Only the lines below from the one that holds "DC7-80V a 1,4-79V" through the one that holds "Carlos Santana of" should appear in the answer, copied exactly, end lines included and pictures omitted.

* * *

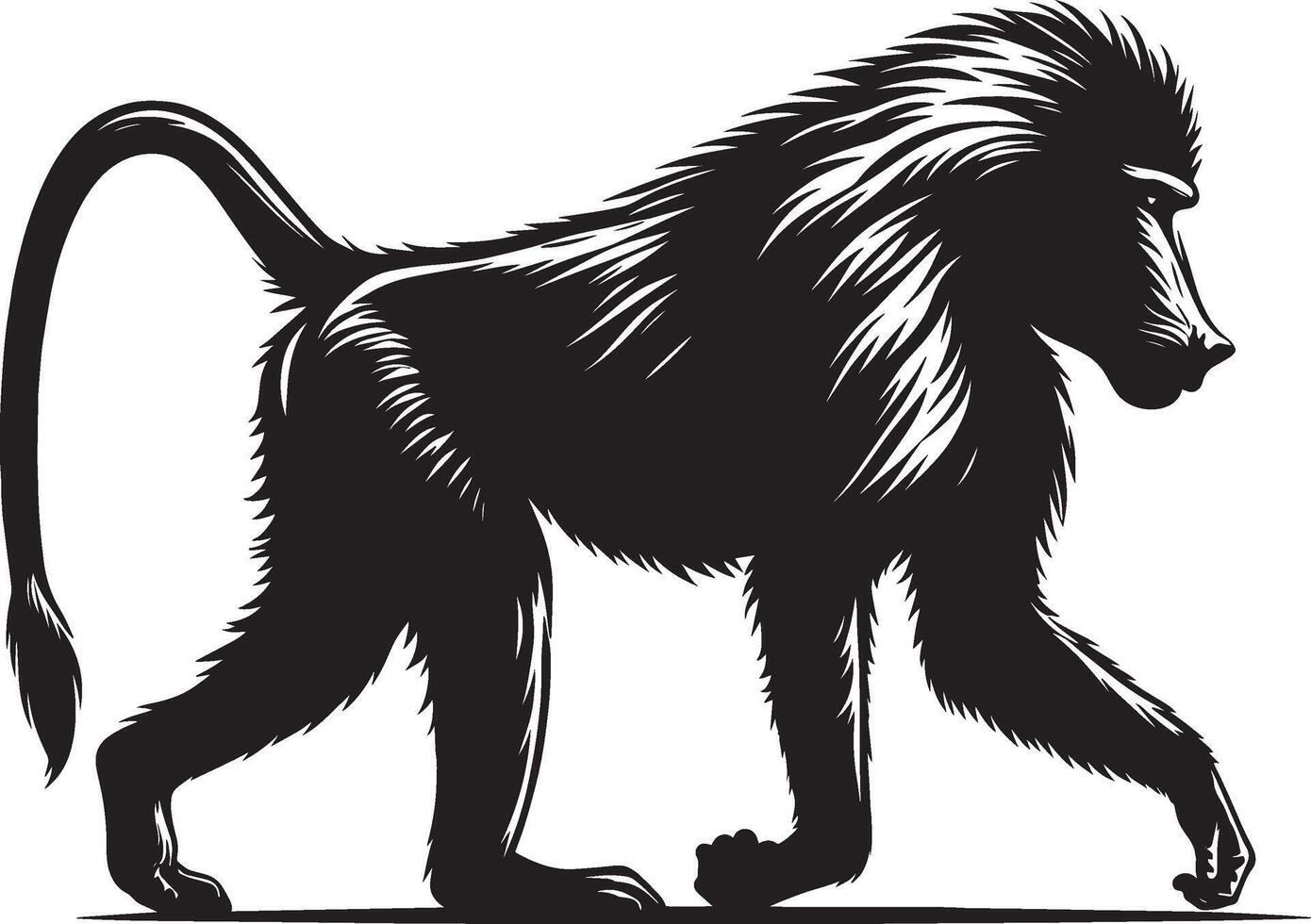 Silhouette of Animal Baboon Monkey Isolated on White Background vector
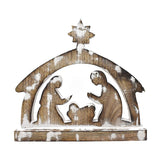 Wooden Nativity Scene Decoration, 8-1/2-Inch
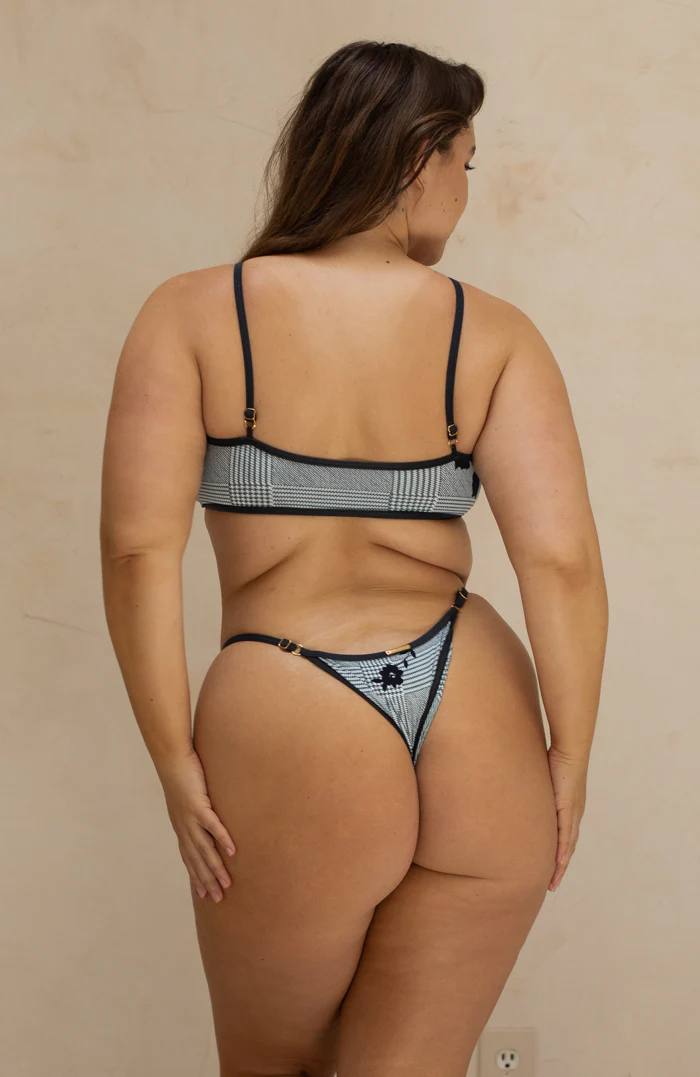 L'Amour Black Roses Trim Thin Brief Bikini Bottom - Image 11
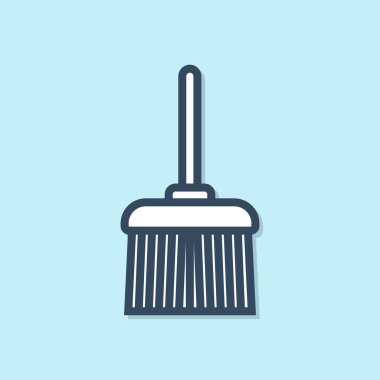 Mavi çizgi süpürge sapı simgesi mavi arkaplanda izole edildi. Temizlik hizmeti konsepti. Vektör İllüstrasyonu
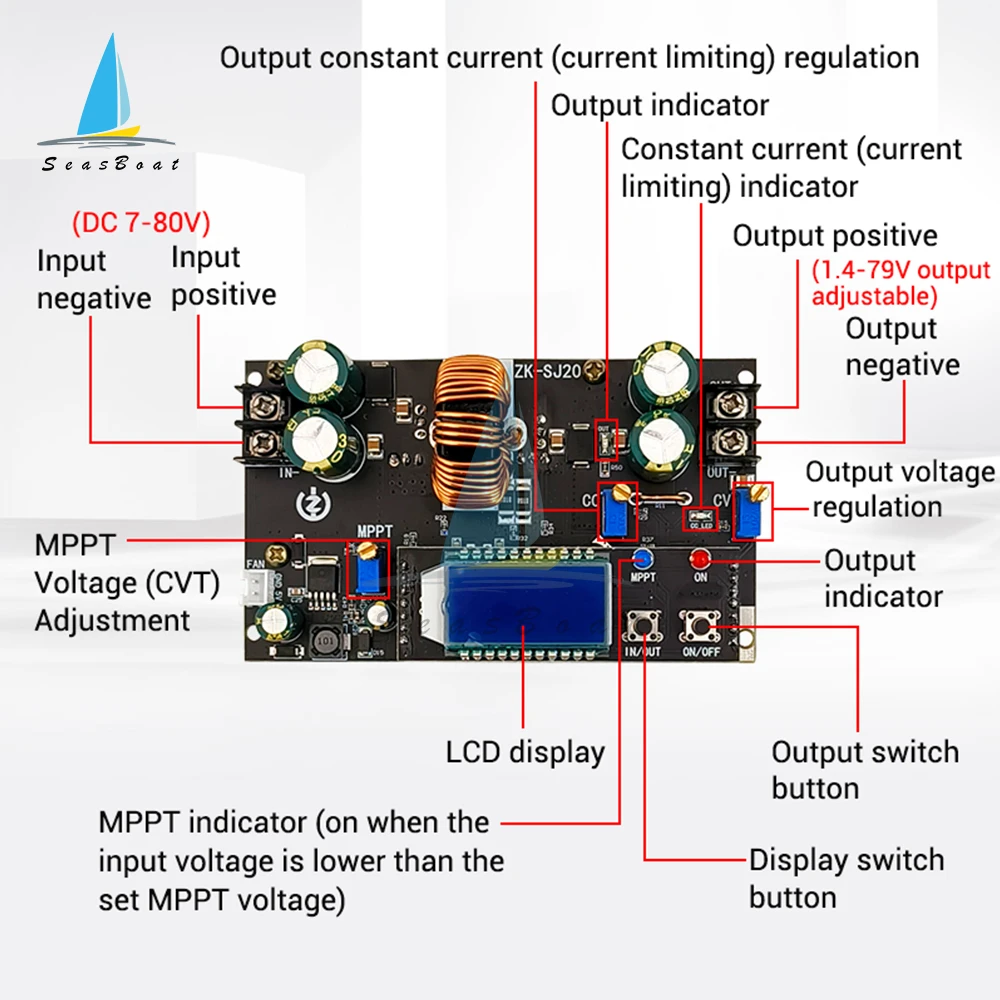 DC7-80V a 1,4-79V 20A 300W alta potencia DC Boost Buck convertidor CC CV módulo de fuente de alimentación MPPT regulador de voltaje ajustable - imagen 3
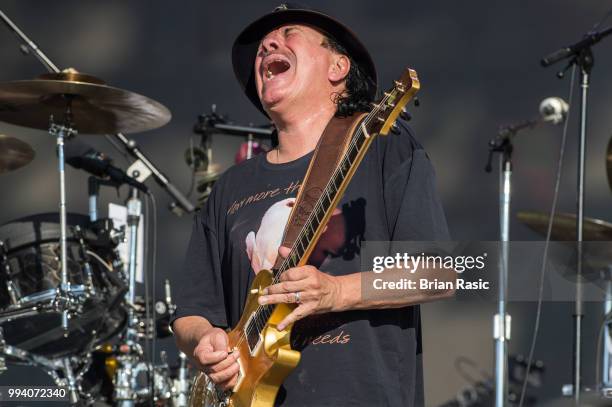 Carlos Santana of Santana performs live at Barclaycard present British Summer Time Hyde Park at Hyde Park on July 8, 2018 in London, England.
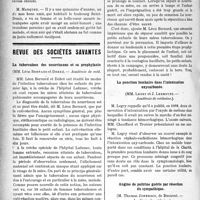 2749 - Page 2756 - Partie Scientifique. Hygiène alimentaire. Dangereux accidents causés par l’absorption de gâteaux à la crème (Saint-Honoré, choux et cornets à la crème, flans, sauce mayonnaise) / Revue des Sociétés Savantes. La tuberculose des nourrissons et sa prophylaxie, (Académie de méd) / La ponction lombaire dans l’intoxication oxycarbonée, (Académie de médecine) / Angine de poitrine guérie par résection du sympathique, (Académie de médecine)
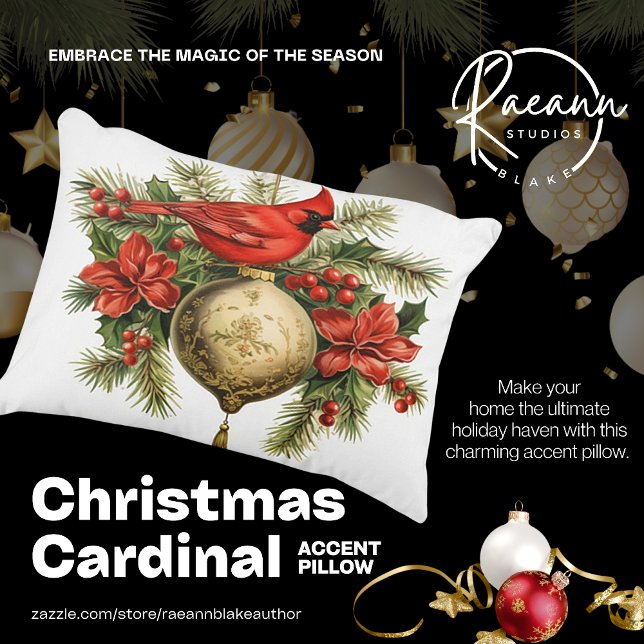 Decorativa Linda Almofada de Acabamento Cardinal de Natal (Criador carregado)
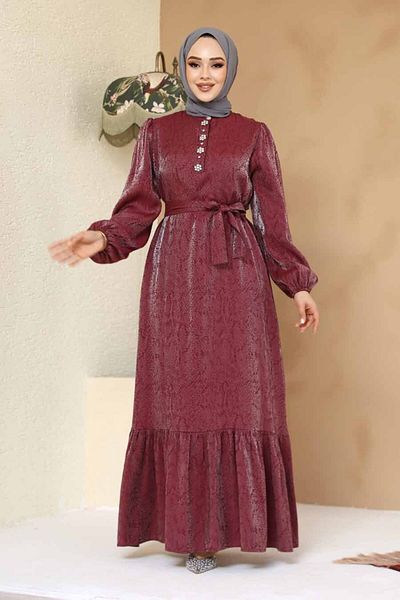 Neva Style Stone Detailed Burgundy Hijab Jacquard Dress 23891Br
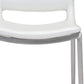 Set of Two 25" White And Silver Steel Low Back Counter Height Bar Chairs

* * *

[RESULT OF THIS EXERCISE]
 DC7-80V a 1,4-79V 20A 300W alta potencia DC Boost Buck convertidor CC CV módulo de fuente de alimentación MPPT regulador de voltaje ajustable - imagen 3
 Carlos Santana of Santana performs live at Barclaycard present British Summer Time Hyde Park at Hyde Park on July 8, 2018 in London, England.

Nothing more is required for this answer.